── Provided information
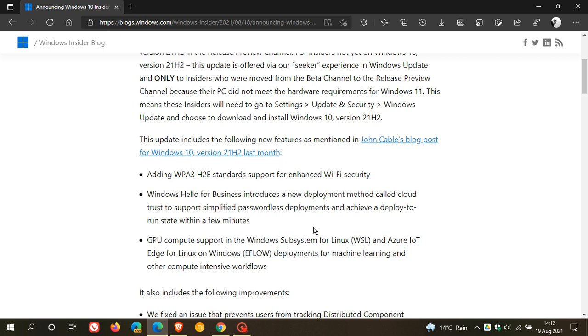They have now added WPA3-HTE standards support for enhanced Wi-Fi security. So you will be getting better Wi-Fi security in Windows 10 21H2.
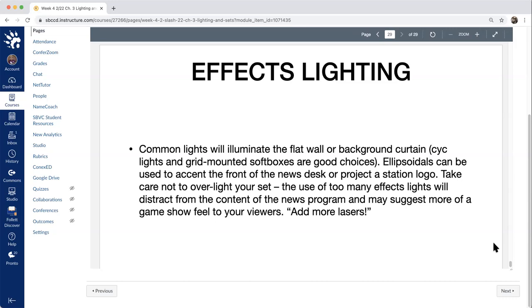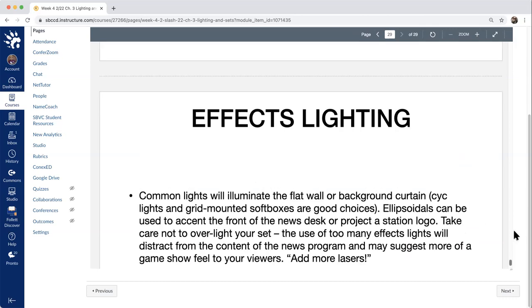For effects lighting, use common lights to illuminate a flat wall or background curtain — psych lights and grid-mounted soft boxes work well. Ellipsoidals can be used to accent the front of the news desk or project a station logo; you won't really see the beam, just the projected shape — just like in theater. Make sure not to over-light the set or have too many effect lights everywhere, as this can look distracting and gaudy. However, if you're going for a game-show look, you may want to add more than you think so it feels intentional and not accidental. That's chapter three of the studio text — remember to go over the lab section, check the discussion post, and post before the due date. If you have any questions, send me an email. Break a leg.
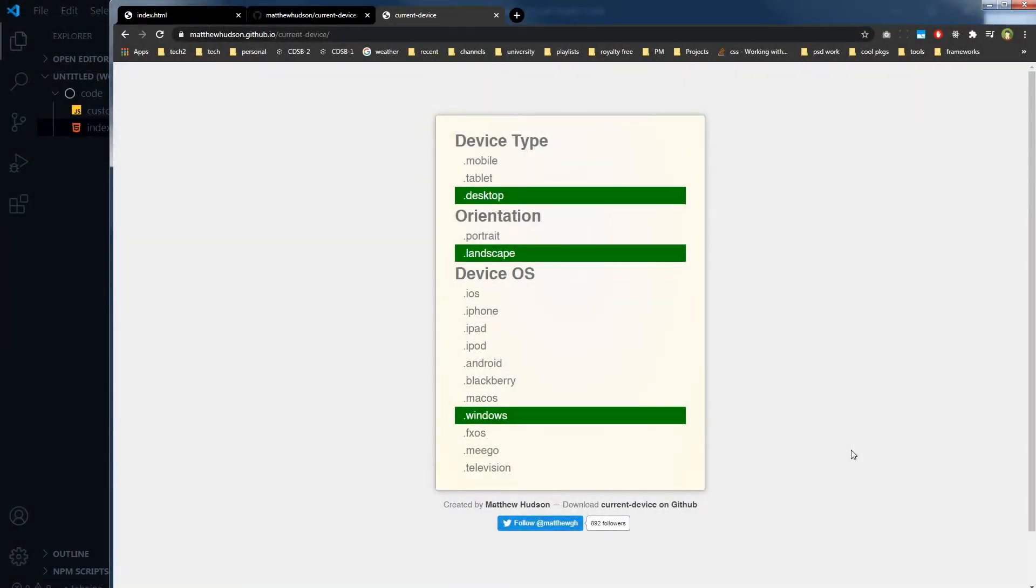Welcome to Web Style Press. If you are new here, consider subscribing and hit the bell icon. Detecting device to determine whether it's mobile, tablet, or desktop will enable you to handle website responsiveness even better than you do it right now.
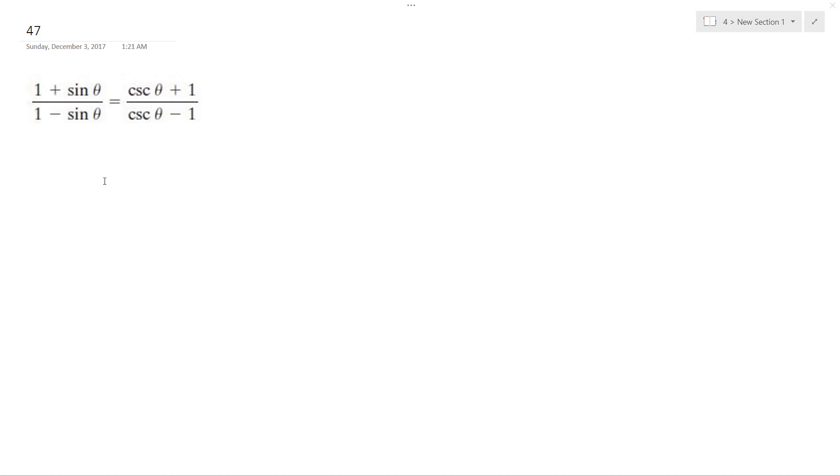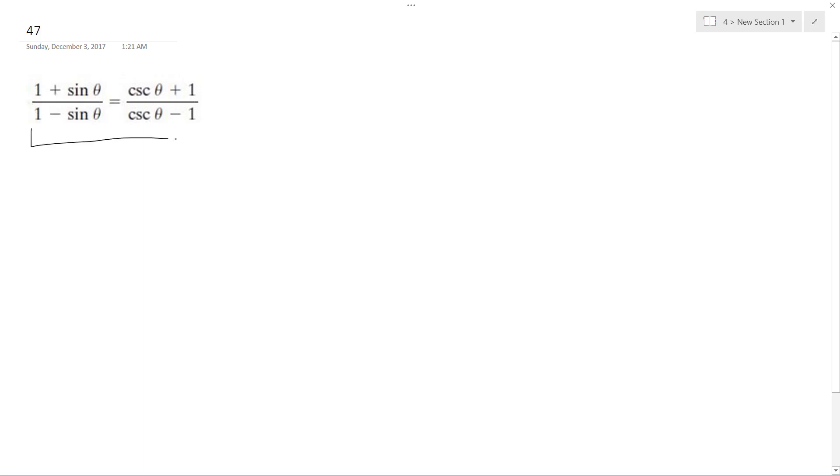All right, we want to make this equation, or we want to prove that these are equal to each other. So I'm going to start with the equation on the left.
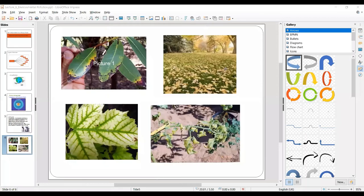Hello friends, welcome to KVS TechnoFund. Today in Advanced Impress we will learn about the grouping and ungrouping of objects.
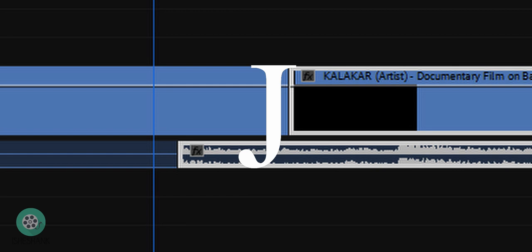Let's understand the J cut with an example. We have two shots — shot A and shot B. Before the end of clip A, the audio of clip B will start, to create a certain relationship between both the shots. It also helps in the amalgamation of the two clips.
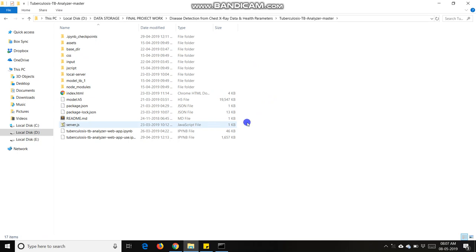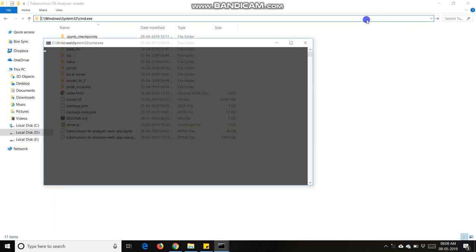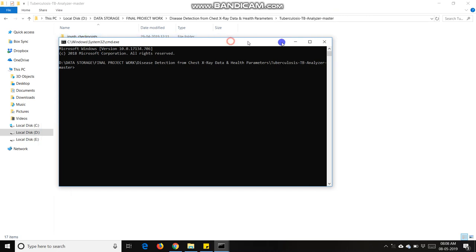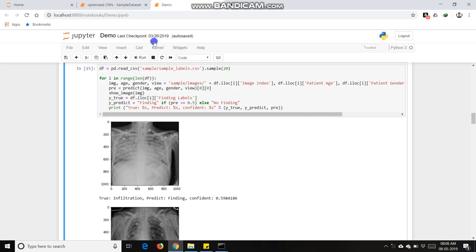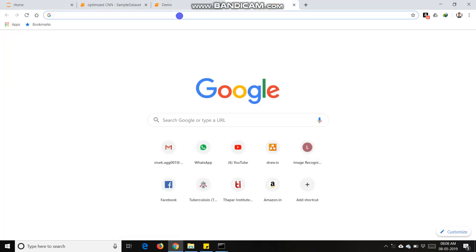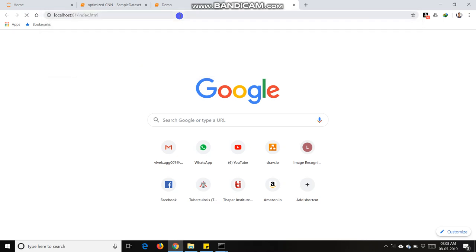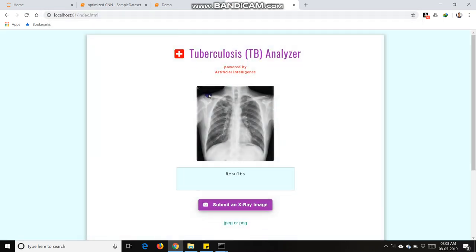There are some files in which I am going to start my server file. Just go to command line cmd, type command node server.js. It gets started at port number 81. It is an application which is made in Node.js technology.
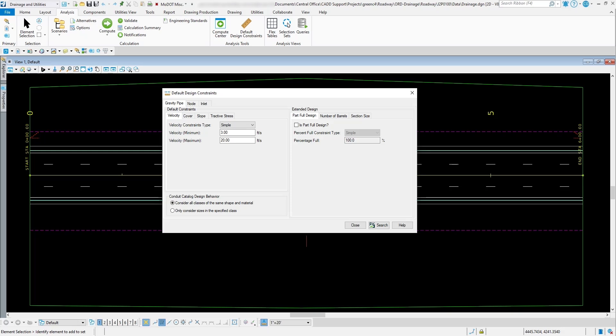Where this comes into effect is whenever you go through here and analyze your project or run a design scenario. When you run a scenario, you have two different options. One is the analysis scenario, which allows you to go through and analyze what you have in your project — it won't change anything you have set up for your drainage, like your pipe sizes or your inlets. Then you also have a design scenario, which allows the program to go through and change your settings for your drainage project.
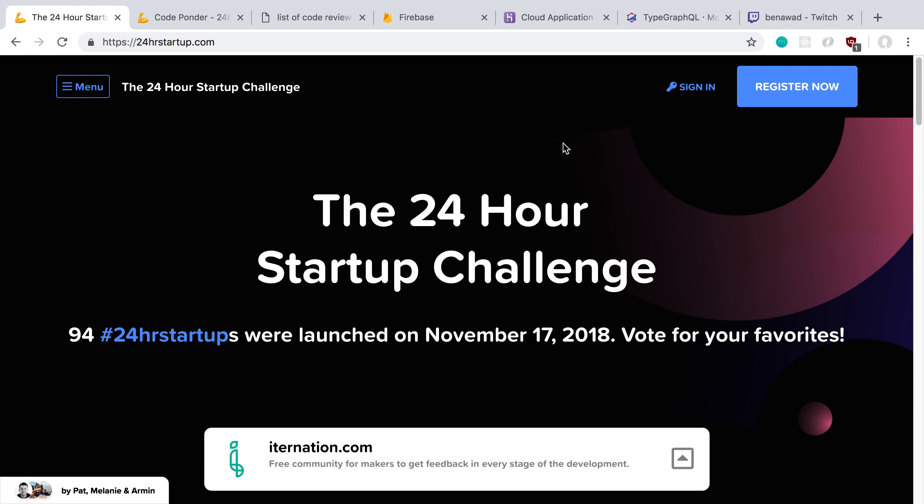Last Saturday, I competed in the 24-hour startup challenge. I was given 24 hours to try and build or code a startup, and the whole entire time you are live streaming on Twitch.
────
» **Exercise**
With all pictures omitted, repeat every record above word for word.

» **Expected output**
They have now added WPA3-HTE standards support for enhanced Wi-Fi security. So you will be getting better Wi-Fi security in Windows 10 21H2.
For effects lighting, use common lights to illuminate a flat wall or background curtain — psych lights and grid-mounted soft boxes work well. Ellipsoidals can be used to accent the front of the news desk or project a station logo; you won't really see the beam, just the projected shape — just like in theater. Make sure not to over-light the set or have too many effect lights everywhere, as this can look distracting and gaudy. However, if you're going for a game-show look, you may want to add more than you think so it feels intentional and not accidental. That's chapter three of the studio text — remember to go over the lab section, check the discussion post, and post before the due date. If you have any questions, send me an email. Break a leg.
Welcome to Web Style Press. If you are new here, consider subscribing and hit the bell icon. Detecting device to determine whether it's mobile, tablet, or desktop will enable you to handle website responsiveness even better than you do it right now.
All right, we want to make this equation, or we want to prove that these are equal to each other. So I'm going to start with the equation on the left.
Hello friends, welcome to KVS TechnoFund. Today in Advanced Impress we will learn about the grouping and ungrouping of objects.
Let's understand the J cut with an example. We have two shots — shot A and shot B. Before the end of clip A, the audio of clip B will start, to create a certain relationship between both the shots. It also helps in the amalgamation of the two clips.
There are some files in which I am going to start my server file. Just go to command line cmd, type command node server.js. It gets started at port number 81. It is an application which is made in Node.js technology.
Where this comes into effect is whenever you go through here and analyze your project or run a design scenario. When you run a scenario, you have two different options. One is the analysis scenario, which allows you to go through and analyze what you have in your project — it won't change anything you have set up for your drainage, like your pipe sizes or your inlets. Then you also have a design scenario, which allows the program to go through and change your settings for your drainage project.
Last Saturday, I competed in the 24-hour startup challenge. I was given 24 hours to try and build or code a startup, and the whole entire time you are live streaming on Twitch.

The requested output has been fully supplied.